Eine ganz zentrale Forderung: Der globale Norden soll seine Klimaschuld an den globalen Süden anerkennen und beginnen, dafür zu zahlen, bis zu 6 Prozent des jährlichen BIP sollen dafür aufgebracht werden. Im Prinzip eine sehr gute Sache, dagegen lässt sich wenig sagen. Jedoch stellt sich die Frage, über welchen institutionellen Mechanismus diese Gelder laufen sollen: bitte nicht die Weltbank. Und – dies aber eine Frage, die vorsichtiger gestellt werden muss – an wen? „Regierungen im globalen Süden“ ganz im Allgemeinen?
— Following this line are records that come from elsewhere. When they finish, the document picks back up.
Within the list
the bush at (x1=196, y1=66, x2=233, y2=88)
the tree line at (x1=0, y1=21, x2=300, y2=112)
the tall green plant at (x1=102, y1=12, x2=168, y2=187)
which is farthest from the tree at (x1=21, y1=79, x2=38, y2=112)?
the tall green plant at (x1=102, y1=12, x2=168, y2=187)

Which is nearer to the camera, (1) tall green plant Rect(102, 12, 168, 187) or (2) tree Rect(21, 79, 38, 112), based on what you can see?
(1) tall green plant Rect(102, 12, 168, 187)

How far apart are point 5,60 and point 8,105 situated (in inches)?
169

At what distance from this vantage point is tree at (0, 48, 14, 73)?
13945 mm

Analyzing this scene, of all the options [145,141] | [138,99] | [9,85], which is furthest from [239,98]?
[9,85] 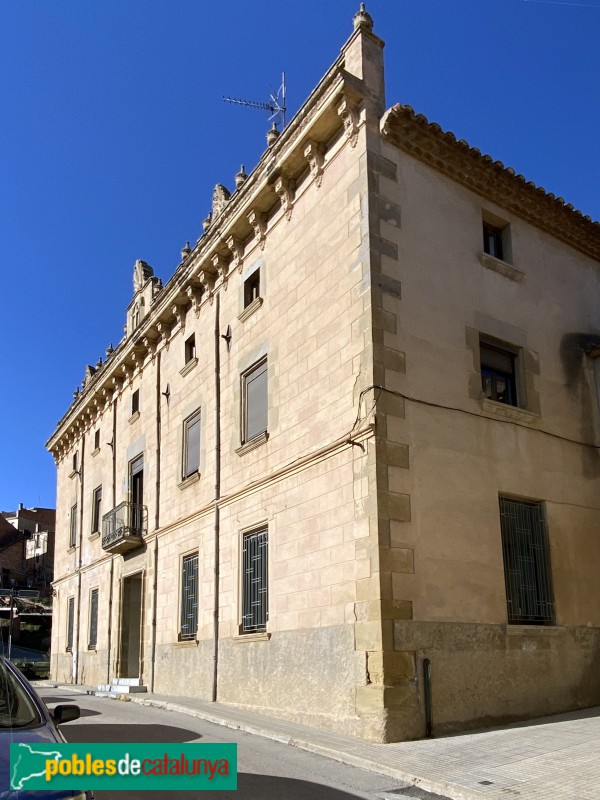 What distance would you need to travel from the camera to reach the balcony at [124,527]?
18.3 meters

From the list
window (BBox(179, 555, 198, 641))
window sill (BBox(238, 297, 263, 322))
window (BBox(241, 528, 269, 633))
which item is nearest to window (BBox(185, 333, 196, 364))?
window sill (BBox(238, 297, 263, 322))

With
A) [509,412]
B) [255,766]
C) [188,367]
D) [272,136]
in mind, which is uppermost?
[272,136]

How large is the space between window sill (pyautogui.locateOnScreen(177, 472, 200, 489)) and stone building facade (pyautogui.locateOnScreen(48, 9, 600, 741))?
156 millimetres

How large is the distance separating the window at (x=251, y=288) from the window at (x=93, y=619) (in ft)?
35.7

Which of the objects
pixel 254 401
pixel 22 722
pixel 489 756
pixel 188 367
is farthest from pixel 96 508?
pixel 22 722

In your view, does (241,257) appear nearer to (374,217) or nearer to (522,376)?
(374,217)

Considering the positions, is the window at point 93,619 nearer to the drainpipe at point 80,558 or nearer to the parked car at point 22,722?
the drainpipe at point 80,558

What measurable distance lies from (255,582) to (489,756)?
18.0 ft

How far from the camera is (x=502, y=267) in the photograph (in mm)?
13109

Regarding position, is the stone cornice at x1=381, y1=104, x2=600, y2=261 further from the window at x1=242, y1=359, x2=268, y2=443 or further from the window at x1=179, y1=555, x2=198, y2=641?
the window at x1=179, y1=555, x2=198, y2=641

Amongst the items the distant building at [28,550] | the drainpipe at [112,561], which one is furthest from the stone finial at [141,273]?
the distant building at [28,550]

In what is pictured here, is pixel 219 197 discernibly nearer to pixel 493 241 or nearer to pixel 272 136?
pixel 272 136

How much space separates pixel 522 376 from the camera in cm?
1294

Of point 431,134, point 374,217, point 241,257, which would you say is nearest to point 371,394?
point 374,217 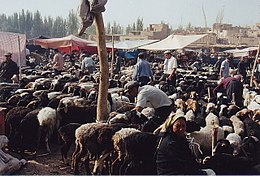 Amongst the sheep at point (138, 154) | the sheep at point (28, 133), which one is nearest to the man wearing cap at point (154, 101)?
the sheep at point (138, 154)

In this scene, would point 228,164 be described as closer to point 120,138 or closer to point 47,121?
point 120,138

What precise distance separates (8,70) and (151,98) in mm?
7858

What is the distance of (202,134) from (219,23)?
230ft

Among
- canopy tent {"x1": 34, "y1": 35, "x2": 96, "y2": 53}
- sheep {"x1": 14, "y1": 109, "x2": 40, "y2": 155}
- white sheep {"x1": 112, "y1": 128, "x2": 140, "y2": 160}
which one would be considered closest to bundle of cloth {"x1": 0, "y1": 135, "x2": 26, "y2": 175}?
sheep {"x1": 14, "y1": 109, "x2": 40, "y2": 155}

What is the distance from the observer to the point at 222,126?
8117mm

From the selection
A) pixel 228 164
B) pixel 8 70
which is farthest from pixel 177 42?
pixel 228 164

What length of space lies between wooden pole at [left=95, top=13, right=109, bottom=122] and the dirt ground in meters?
1.19

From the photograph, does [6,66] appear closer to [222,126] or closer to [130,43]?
[222,126]

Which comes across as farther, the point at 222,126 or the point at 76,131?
the point at 222,126

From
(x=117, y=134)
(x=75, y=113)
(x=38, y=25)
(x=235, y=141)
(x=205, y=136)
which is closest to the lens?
(x=117, y=134)

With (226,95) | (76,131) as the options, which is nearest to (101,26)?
(76,131)

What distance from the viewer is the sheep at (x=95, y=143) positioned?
6.47 meters

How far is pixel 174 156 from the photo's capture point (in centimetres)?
463

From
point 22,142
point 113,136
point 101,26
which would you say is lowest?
point 22,142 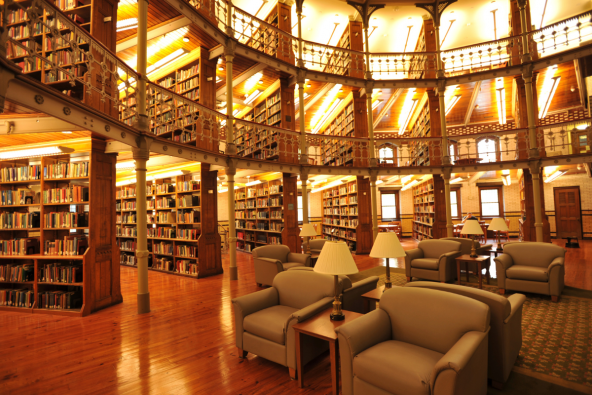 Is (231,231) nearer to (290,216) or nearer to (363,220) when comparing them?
(290,216)

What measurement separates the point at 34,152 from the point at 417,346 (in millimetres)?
6068

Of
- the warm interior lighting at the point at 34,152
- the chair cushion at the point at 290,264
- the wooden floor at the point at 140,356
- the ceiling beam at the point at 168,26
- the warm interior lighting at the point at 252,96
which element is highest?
the warm interior lighting at the point at 252,96

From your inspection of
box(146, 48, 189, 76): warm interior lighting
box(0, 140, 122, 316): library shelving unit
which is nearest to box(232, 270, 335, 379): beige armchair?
box(0, 140, 122, 316): library shelving unit

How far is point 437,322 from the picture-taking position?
2438 millimetres

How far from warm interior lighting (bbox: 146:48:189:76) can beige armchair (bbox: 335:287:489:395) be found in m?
7.44

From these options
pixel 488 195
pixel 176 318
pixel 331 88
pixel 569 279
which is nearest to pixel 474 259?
pixel 569 279

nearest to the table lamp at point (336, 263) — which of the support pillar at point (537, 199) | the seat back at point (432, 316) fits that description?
the seat back at point (432, 316)

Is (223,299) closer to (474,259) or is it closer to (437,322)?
(437,322)

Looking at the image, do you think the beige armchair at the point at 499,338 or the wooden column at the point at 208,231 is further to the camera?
the wooden column at the point at 208,231

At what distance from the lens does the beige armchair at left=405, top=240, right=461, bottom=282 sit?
19.3 ft

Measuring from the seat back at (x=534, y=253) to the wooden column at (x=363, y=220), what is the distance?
4.44 meters

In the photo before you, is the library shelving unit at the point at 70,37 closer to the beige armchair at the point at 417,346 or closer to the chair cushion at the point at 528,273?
the beige armchair at the point at 417,346

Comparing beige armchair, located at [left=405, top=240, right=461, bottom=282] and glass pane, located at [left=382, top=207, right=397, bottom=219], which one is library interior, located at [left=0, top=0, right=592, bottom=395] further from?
glass pane, located at [left=382, top=207, right=397, bottom=219]

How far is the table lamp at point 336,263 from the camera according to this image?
267 cm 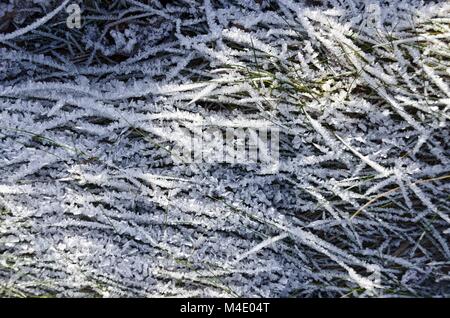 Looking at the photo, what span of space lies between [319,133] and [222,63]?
0.28 meters

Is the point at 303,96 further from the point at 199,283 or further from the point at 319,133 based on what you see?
the point at 199,283

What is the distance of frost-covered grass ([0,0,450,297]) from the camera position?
4.25 feet

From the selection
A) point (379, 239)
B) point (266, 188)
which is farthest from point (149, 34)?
point (379, 239)

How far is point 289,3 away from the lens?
4.34 ft

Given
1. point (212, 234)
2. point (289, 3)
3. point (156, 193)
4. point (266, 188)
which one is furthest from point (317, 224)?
point (289, 3)

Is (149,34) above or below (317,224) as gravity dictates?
above

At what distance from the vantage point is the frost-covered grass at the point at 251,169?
1296mm

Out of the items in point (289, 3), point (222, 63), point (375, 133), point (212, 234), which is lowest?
point (212, 234)

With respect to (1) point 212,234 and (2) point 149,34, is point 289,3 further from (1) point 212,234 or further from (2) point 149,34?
(1) point 212,234

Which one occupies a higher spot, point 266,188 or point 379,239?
point 266,188

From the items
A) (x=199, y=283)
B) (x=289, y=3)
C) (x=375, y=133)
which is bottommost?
(x=199, y=283)

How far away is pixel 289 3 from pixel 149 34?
1.12 ft

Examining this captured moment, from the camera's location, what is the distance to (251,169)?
1.32 metres

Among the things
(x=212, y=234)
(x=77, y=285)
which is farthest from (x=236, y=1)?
(x=77, y=285)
Hier verdeckt der Begriff „globaler Süden“ unter Umständen doch zu sehr Konflikte zwischen Regierungen und Teilen der Gesellschaft. Hier geht es nicht darum, die Forderung abzulehnen, nur darum, darauf hinzuweisen, dass noch einige konzeptionelle Arbeit aussteht.

Überhaupt wird dem „globalen Norden“ die Erklärung kaum gefallen: Er wird angehalten, Verantwortung für so genannte „Klimaflüchtlinge“ zu übernehmen, diese aufzunehmen, wenn nötig – und zwischen 2013 und 2017 seine Emissionen um 50 Prozent gegenüber dem 1990 Basisjahr zu reduzieren. Immer wieder tauchen im Text auch „die Indigenen“, ihre Lebensweise und Ökonomie auf: einerseits als Legitimationsquelle und moralischer Anker, andererseits als rhetorische Anti-Wachstumsmaschine. Hier bleibt wohl zu hoffen, dass die Lebensweisen nicht nur die Konfrontation mit dem globalen Norden überleben, sondern auch den neuen Extraktivismus der lateinamerikanischen neuen Linken. In diesem Sinne ist es interessant, wenn auch kaum überraschend, dass sich eine zentrale Forderung der Bewegung nicht im Text wieder findet: fossile Ressourcen im Boden lassen. Das hätte den Genossen Evo und Hugo sicherlich kaum gefallen.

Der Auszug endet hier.